═════ Source material ═════

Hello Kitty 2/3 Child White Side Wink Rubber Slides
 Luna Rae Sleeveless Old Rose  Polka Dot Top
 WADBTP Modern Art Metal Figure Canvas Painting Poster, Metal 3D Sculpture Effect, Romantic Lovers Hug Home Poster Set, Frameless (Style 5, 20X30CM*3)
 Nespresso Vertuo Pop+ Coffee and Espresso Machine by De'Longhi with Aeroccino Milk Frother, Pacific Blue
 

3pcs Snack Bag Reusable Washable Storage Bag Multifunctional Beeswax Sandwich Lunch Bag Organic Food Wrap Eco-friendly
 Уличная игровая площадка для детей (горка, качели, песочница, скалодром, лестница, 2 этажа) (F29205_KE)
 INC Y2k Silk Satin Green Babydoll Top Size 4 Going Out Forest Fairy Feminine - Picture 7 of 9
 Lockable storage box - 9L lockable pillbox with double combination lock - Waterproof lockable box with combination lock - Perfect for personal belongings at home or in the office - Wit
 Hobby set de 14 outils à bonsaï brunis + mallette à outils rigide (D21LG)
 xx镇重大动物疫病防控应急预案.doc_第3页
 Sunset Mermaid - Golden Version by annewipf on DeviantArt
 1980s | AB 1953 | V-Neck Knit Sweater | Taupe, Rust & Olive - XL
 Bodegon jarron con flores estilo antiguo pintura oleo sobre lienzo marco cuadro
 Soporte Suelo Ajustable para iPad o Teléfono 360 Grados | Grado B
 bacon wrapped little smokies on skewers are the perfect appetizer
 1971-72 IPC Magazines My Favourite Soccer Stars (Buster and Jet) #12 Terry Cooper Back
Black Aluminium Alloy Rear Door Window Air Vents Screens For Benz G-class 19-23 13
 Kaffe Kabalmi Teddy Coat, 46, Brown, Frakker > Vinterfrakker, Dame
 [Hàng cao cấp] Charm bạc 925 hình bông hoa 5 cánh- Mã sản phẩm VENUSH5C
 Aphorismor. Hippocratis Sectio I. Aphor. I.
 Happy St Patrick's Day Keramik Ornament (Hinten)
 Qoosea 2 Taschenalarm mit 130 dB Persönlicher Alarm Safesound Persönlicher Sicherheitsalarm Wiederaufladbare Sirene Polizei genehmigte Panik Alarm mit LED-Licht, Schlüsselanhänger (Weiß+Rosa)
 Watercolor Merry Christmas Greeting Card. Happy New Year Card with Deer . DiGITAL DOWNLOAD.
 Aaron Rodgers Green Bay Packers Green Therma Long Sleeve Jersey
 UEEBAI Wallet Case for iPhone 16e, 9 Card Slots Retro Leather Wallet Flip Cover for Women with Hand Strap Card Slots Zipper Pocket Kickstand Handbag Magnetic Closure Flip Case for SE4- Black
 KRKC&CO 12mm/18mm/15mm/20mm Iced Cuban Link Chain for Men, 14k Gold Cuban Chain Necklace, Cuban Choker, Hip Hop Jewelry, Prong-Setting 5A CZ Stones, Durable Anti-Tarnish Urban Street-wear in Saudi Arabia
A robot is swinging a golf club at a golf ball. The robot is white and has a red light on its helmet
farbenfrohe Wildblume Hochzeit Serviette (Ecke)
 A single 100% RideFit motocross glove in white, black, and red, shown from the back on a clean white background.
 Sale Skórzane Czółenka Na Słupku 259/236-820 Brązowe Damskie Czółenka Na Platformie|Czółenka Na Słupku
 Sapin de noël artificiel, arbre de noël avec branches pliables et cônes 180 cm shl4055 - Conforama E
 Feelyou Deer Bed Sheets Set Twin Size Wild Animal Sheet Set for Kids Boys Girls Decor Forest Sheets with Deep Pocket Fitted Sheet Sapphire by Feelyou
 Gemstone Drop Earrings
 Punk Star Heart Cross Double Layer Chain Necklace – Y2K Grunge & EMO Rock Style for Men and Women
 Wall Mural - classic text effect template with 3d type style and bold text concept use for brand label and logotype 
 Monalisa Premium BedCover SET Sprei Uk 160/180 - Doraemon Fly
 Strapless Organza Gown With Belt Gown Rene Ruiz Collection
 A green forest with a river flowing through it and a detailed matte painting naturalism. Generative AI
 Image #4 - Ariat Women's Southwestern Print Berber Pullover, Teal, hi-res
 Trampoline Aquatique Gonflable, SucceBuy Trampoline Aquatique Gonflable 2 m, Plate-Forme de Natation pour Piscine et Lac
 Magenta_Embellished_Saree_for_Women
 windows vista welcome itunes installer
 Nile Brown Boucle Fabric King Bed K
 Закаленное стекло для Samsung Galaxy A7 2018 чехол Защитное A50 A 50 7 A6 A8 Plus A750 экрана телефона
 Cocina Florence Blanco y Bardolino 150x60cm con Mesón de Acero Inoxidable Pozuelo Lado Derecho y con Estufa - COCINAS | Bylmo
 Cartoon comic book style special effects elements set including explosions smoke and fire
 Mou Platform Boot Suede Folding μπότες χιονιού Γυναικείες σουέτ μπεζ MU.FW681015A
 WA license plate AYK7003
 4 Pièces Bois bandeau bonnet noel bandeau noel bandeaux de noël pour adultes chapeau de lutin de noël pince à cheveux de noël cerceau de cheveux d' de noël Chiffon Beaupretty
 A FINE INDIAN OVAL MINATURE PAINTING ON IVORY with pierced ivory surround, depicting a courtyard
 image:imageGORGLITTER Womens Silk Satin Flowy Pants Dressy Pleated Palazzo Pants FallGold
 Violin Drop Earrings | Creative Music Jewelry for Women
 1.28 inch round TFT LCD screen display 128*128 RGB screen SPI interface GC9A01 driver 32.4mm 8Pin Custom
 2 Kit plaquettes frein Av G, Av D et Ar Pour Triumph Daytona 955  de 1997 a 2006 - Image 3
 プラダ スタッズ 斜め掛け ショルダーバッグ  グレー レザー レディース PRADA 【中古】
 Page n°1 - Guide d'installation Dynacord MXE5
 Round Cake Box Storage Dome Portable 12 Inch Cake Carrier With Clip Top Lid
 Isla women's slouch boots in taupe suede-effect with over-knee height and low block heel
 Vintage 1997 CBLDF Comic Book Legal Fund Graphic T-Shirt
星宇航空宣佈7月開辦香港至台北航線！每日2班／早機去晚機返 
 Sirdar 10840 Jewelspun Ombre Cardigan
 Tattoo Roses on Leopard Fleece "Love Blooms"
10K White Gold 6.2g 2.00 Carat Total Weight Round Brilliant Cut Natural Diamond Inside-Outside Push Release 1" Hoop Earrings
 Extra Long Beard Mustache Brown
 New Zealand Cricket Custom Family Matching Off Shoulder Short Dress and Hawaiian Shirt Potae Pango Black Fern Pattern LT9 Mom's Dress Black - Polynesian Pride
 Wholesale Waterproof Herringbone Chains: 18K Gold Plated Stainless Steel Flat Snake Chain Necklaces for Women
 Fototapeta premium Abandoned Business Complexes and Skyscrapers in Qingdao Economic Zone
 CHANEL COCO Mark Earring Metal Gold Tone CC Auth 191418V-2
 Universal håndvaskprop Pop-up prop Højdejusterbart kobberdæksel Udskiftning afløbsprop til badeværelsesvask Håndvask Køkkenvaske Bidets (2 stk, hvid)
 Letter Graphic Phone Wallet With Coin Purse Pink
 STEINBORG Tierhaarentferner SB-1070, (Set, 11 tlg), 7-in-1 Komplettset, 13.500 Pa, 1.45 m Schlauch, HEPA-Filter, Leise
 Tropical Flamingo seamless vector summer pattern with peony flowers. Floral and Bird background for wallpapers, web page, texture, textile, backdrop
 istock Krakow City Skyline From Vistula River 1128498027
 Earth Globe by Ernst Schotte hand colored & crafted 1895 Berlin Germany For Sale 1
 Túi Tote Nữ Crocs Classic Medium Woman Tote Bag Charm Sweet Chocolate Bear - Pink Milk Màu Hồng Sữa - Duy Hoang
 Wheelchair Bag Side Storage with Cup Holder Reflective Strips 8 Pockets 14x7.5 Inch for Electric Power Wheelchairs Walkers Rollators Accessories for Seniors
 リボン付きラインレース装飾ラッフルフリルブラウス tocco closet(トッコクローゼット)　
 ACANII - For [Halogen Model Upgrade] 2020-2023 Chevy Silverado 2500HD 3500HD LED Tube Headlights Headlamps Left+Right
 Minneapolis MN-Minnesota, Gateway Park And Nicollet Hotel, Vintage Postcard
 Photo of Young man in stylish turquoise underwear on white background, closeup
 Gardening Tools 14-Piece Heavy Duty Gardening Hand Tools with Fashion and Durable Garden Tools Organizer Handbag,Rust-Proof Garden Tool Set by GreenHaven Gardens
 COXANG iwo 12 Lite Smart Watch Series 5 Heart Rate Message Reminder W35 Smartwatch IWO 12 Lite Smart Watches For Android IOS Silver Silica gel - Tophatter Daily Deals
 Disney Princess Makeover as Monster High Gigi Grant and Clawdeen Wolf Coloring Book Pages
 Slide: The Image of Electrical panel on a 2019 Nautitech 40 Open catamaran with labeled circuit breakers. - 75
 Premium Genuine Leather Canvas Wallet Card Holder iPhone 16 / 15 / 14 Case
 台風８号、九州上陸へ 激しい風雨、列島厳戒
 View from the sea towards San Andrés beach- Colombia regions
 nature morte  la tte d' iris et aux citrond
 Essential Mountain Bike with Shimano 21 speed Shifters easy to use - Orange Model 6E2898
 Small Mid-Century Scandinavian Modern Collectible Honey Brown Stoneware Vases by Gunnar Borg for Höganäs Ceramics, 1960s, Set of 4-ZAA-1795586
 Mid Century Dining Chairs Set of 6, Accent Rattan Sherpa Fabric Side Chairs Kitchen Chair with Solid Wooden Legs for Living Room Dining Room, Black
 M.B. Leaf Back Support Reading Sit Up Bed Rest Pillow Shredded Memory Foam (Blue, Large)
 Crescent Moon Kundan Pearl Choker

═════

▸ **About this task**
When the line containing "Qoosea 2 Taschenalarm" is reached, include it and stop. Until then, output each line of the entries exactly as given, starting from the first.

▸ **Finished task**
Hello Kitty 2/3 Child White Side Wink Rubber Slides
 Luna Rae Sleeveless Old Rose  Polka Dot Top
 WADBTP Modern Art Metal Figure Canvas Painting Poster, Metal 3D Sculpture Effect, Romantic Lovers Hug Home Poster Set, Frameless (Style 5, 20X30CM*3)
 Nespresso Vertuo Pop+ Coffee and Espresso Machine by De'Longhi with Aeroccino Milk Frother, Pacific Blue
 

3pcs Snack Bag Reusable Washable Storage Bag Multifunctional Beeswax Sandwich Lunch Bag Organic Food Wrap Eco-friendly
 Уличная игровая площадка для детей (горка, качели, песочница, скалодром, лестница, 2 этажа) (F29205_KE)
 INC Y2k Silk Satin Green Babydoll Top Size 4 Going Out Forest Fairy Feminine - Picture 7 of 9
 Lockable storage box - 9L lockable pillbox with double combination lock - Waterproof lockable box with combination lock - Perfect for personal belongings at home or in the office - Wit
 Hobby set de 14 outils à bonsaï brunis + mallette à outils rigide (D21LG)
 xx镇重大动物疫病防控应急预案.doc_第3页
 Sunset Mermaid - Golden Version by annewipf on DeviantArt
 1980s | AB 1953 | V-Neck Knit Sweater | Taupe, Rust & Olive - XL
 Bodegon jarron con flores estilo antiguo pintura oleo sobre lienzo marco cuadro
 Soporte Suelo Ajustable para iPad o Teléfono 360 Grados | Grado B
 bacon wrapped little smokies on skewers are the perfect appetizer
 1971-72 IPC Magazines My Favourite Soccer Stars (Buster and Jet) #12 Terry Cooper Back
Black Aluminium Alloy Rear Door Window Air Vents Screens For Benz G-class 19-23 13
 Kaffe Kabalmi Teddy Coat, 46, Brown, Frakker > Vinterfrakker, Dame
 [Hàng cao cấp] Charm bạc 925 hình bông hoa 5 cánh- Mã sản phẩm VENUSH5C
 Aphorismor. Hippocratis Sectio I. Aphor. I.
 Happy St Patrick's Day Keramik Ornament (Hinten)
 Qoosea 2 Taschenalarm mit 130 dB Persönlicher Alarm Safesound Persönlicher Sicherheitsalarm Wiederaufladbare Sirene Polizei genehmigte Panik Alarm mit LED-Licht, Schlüsselanhänger (Weiß+Rosa)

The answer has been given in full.